Drive-by shootings.


To understand my day, and maybe (for good or ill) a lot about how my life works, picture this scene: me, at the wheel of my trusty car, speeding into Columbus for a swift shearing, then dawdling my way back to Gambier, camera in hand, snapping haphazard images of rural quirks and decays that I wish I could frame better but can't, for lack of shoulders (and thus opportunities for stopping for a better look) anywhere on US-62. And yet all the while I'm rejoicing at the calves and the birds and the barns and the sun (so much sun!), things that one might think would encourage me toward quiet musing and reflection and austere serenity, I'm blaring the New Pornographers, my music find of the week. I'm not sure how I missed them all these years, but I'm missing them no longer. (If you want a starting point, I'd suggest Twin Cinema [2005].)


I just can't imagine that it's a very good idea for me to continue trying to shoot and drive at the same time, but I'm not sure how else to get the pictures I want. I'm going to let the back of my head work on this problem over the next few weeks, as I finish out my semester. Meanwhile, when I got home today and moved all of my pictures over to the computer so that I could get a better look at them, I cracked myself up with my crooked horizons and my missed barns. The missed barns are the funniest: I have no idea, when I'm shooting over my left arm, whether I'm aiming at the right thing, whether I'll even get the purported object of my image into the image at all. And so my barns tend to be to one side or another of the frame, or motion-blurred. And sometimes they're crooked as well, to particularly good effect when the barns themselves are already in the process of falling down in some way or another.


By the time I was halfway home from Columbus, I'd decided that I wanted to revisit a part of Knox County where I (silly) had driven last weekend without my camera. I made a quick but fruitful stop in Mount Vernon, the next town over from where I live, where I discovered a staggeringly named organization's headquarters:


As the Beastie Boys might say, "Don't ask me 'cause I just don't know." The only appropriate response seemed to be to buy a David Malouf novel and head out into the hills northeast of Gambier, where aesthetic intent seemed to be more under my control, given that I was actually able to park my car at the side of the road and deliberately aim my camera at things I wanted to capture.

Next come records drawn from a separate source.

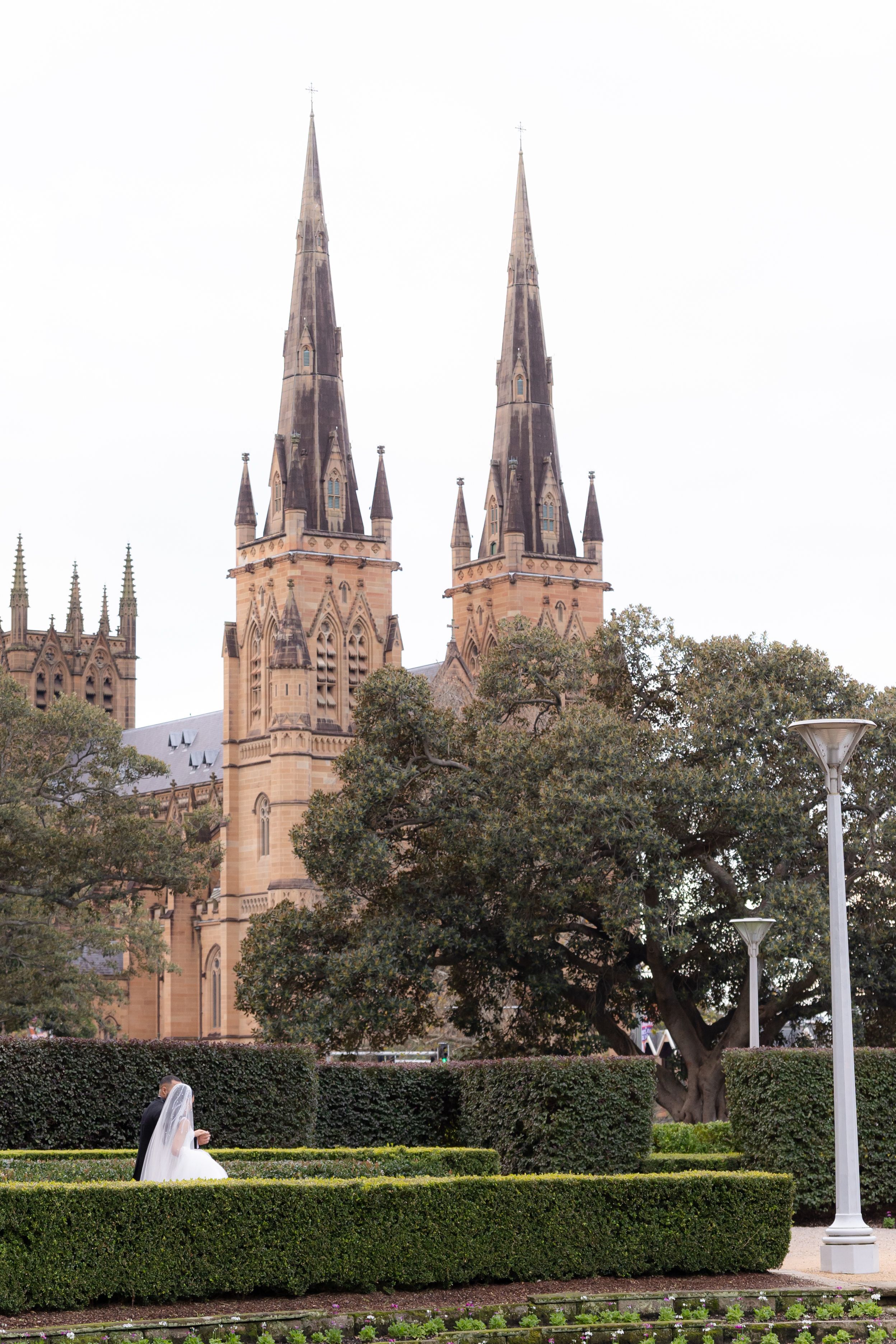 Bride in white gown walking in a manicured garden with Gothic cathedral spires in background.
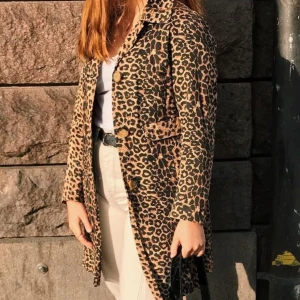 Leopardmönstrad kappa - Vintage kappa i leopardmönster med rosa innetyg. Fint skick. Passar S - M beroende på hur man vill att den ska sitta!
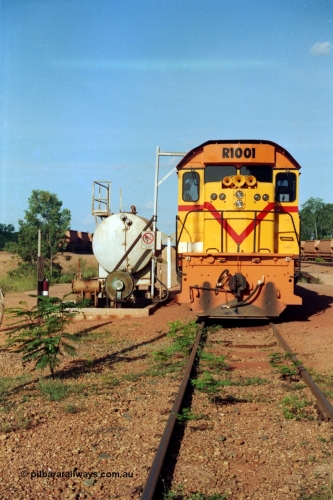 213-03
Weipa, Lorim Point workshops looking east, Comalco R 1001 loco Clyde Engineering built EMD model GT26C serial 72-752 sits at the fuel point, items of note are these units were setup to have the long hood leading, the second 'tropical roof' and the five chime horn cut into the nose. This unit is almost identical to the GT26C models of the WAGR L class. September 1995.
Keywords: R1001;Clyde-Engineering;EMD;GT26C;72-752;1.001;Comalco;
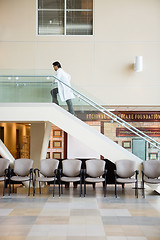 Image showing Doctor Climbing Up Stairs In Hospital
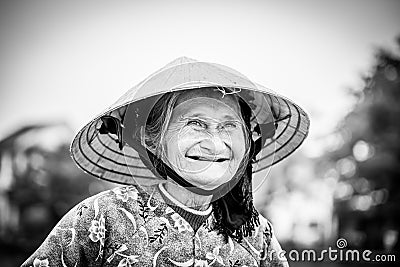 Old friendly woman with vietnamese straw hat Editorial Stock Photo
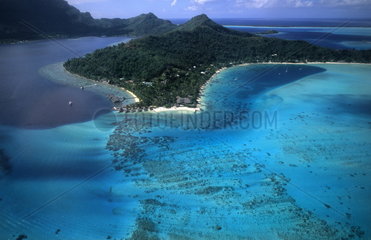 Aerial of the green water and clear blue colors of the islands of Bora Bora in Tahiti in French Polynesia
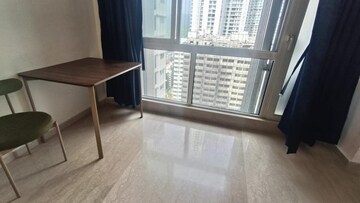 Room in 2 BHK Apartment at Omkar Signet, Malad East – for Rent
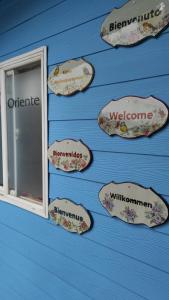 una pared con carteles en una pared azul con una ventana en Cabañas y hostal sol de oriente en Puerto Montt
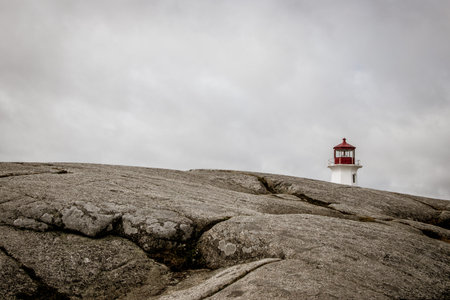 Light house at Peggy's Cove, Nova Scotia, Canada on a cloudy day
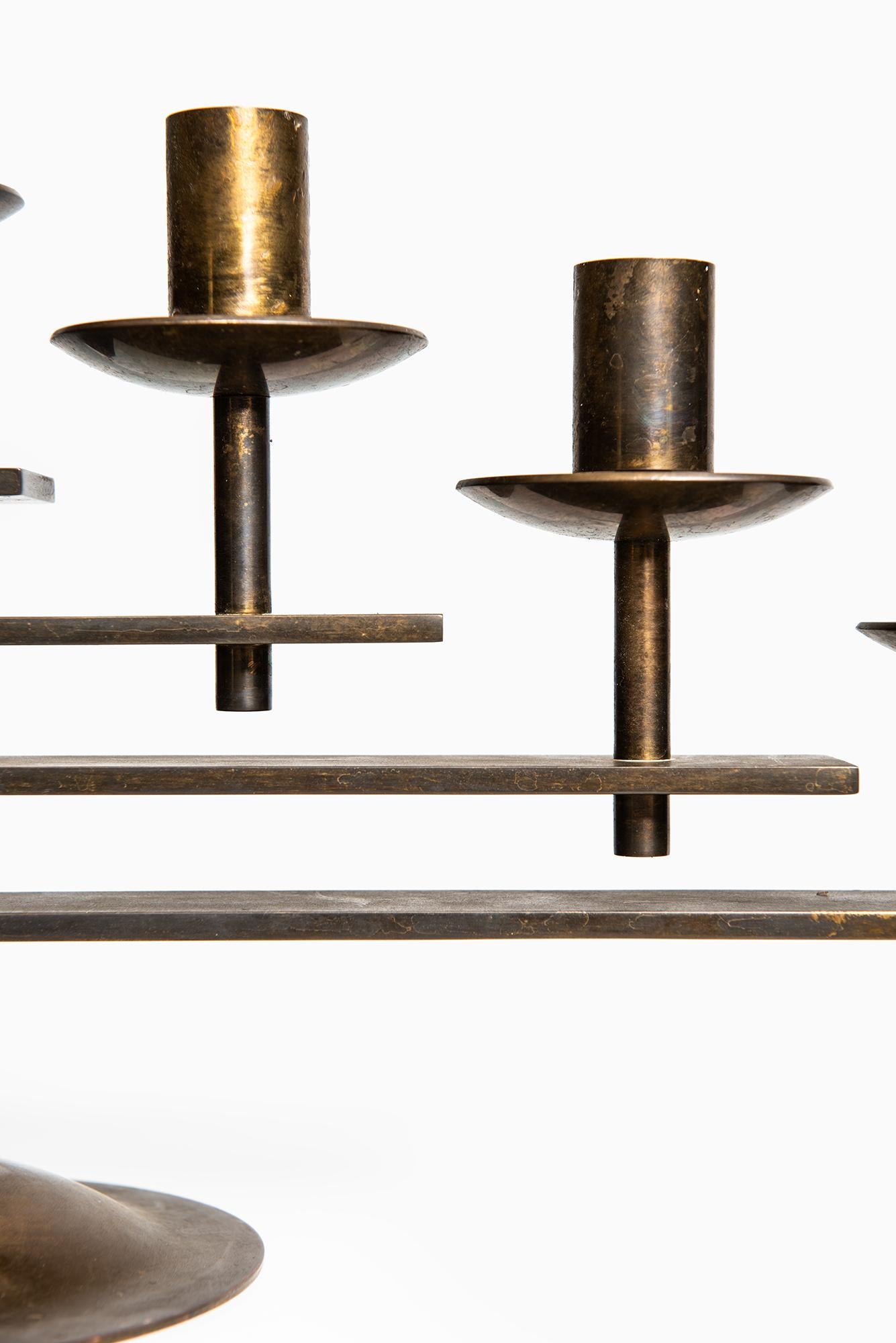 Rare and heavy candlestick in brass produced in Denmark.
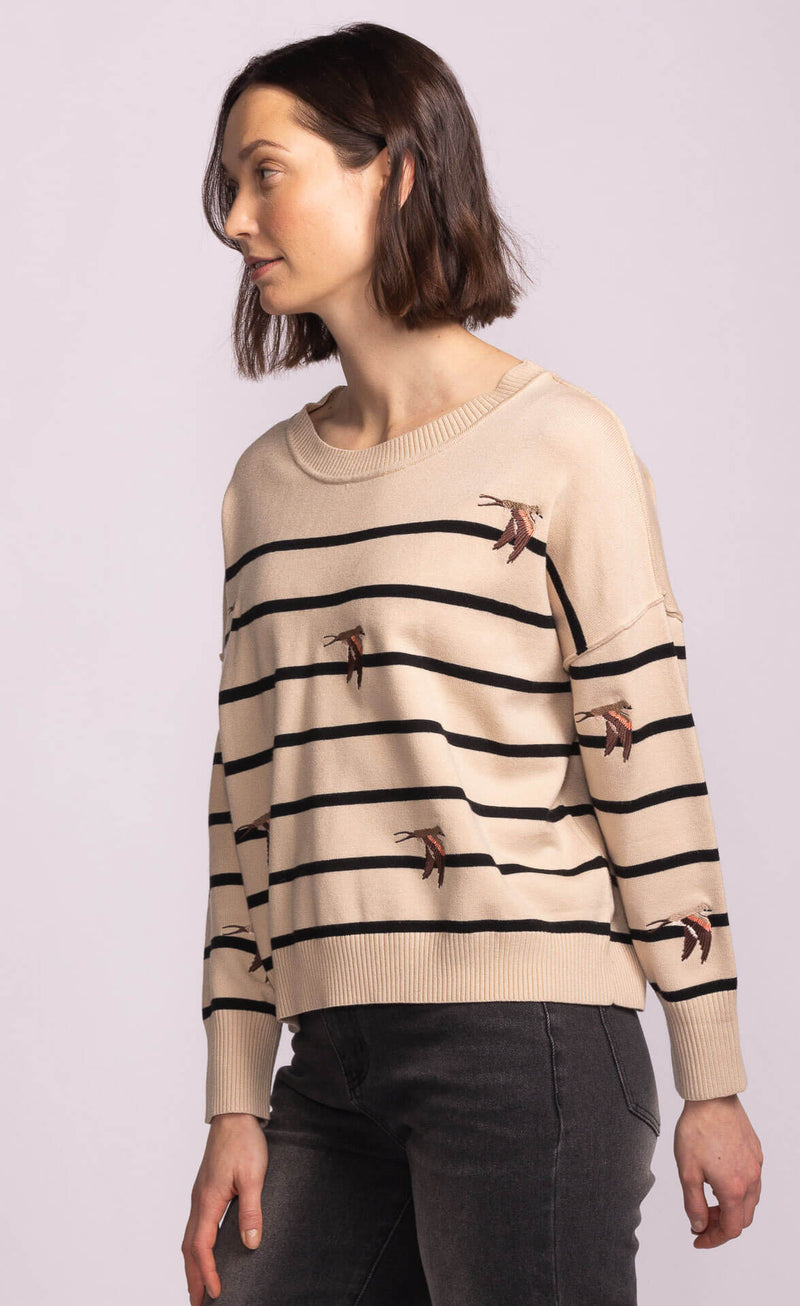 Side view of the Cruz Sweater in beige with black stripes and swallow embroidery, relaxed fit from Lemonberry.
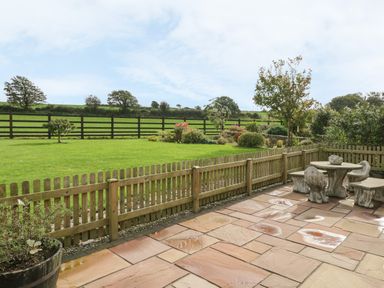 A fenced patio with stone table and chairs next to a garden and green field at Daffodil Cottage in Caeathro near Caernarfon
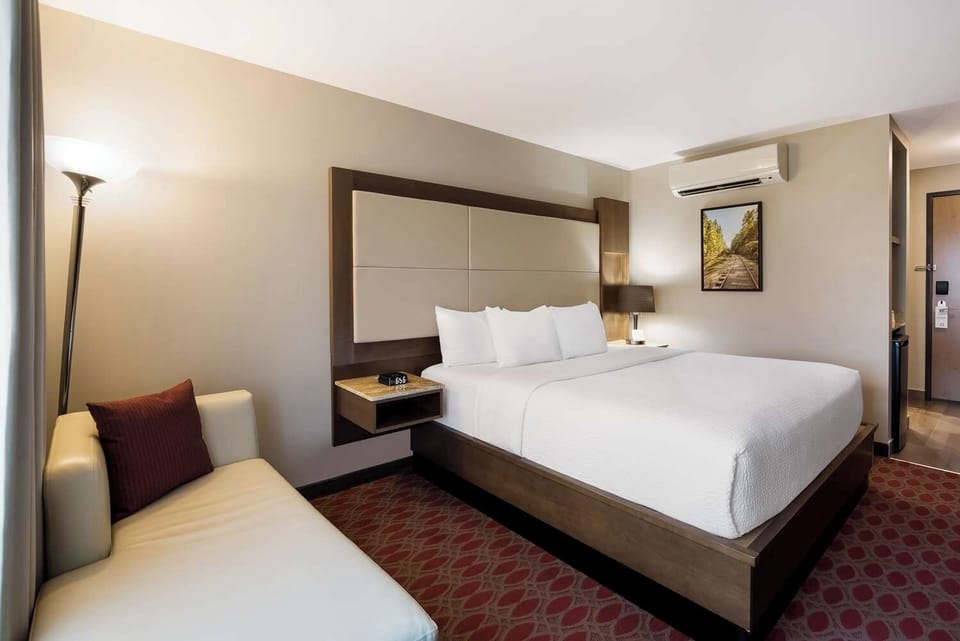Sink into crisp linens after a long day exploring.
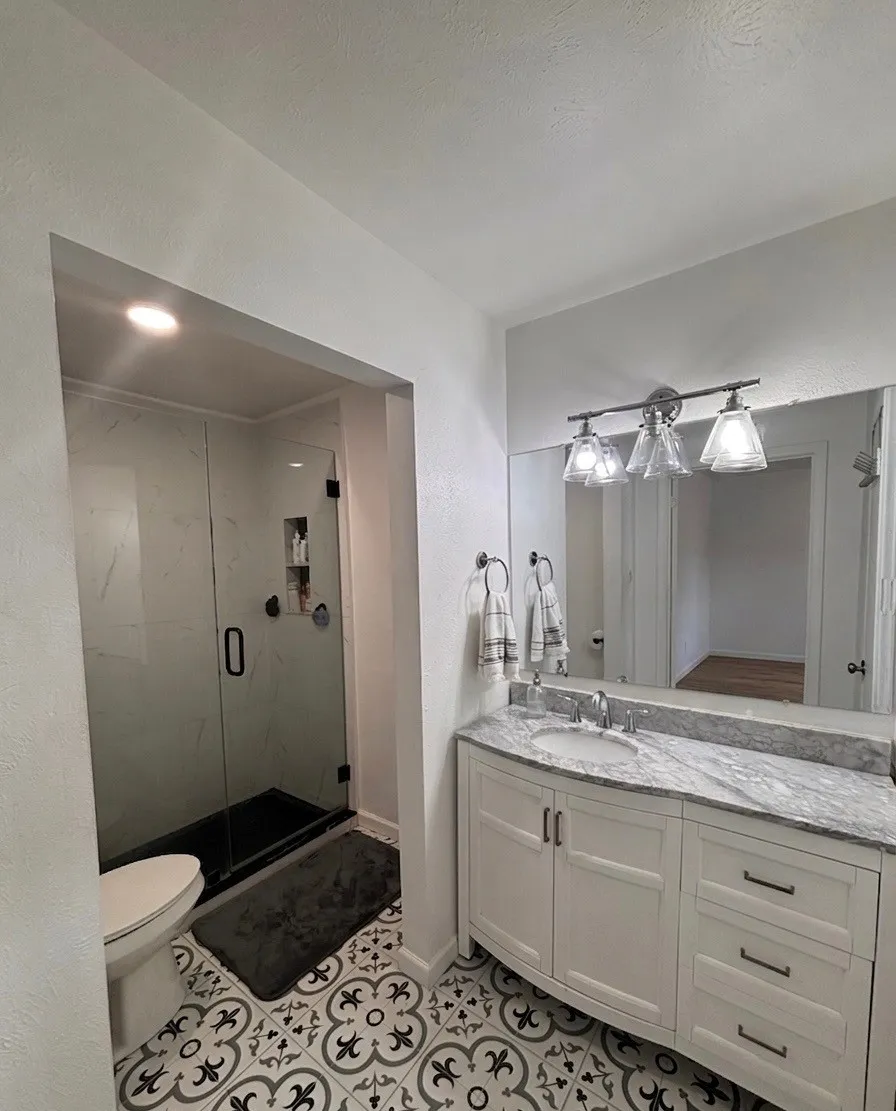 Full bathroom with vanity, a shower stall, and light tile patterned floors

Things got even more interesting when I took a short but adventurous road trip with one of my excellent friends, out to a colleague's house in the countryside. Because I wasn't driving, I was able to shoot everything as we moved. By the time all was said and done today, I had about 200 pictures--and a far richer visual impression of my home landscape. One of the day's pleasures was seeing so many young animals--calves and lambs--doing their best childish impersonations of loping along, or feeding. And the great thing about cows is that they'll actually notice when you drive by, if they're at all close to the road. I suddenly have a plethora of cow stories to tell you--including the one about the time my fourth grade teacher brought a cow's eye to class (they're not so hard to come by in a farming area), or the time twenty-eight cows ambled over to a fence where I was standing and watching them from afar, and lined up side by side, three feet away from me, staring and snuffling and elbowing each other in the ribs and rolling their eyes and chewing. But I can't tell those stories now, in part because it's time for you to look at some pictures of cows. Note the ones staring at us as we drive by, in the second shot.


We also did some high quality gravel road travel today.


Overall, if you were to ask me what I learned today, I'd have to respond "Green, and hills, and feeding calves." Not to mention Dorothea's wisdom: "What do we live for, if it is not to make life less difficult to each other?"


Things were looking good in Gambier, as well.


And look, look. I admit that every time he vanishes, my heart aches a little. So far, though, he keeps turning up again. Does he not look pleased with himself, there beside the new hosta?


Lightning is flashing every once in a long while now, thunder following the light only after I've lost count of the seconds: storms are still far away but are clearly drawing nearer, a sure sign--as if my eyelid-dropping fatigue weren't enough--that it's time to read myself down for the night with Dorothea's impetuously generous heroics. If only I could stay awake long enough to read Middlemarch's climactic thunderstorm tonight, during our own storm--the rain for which is picking up, now that the rumble comes only three seconds after the flash.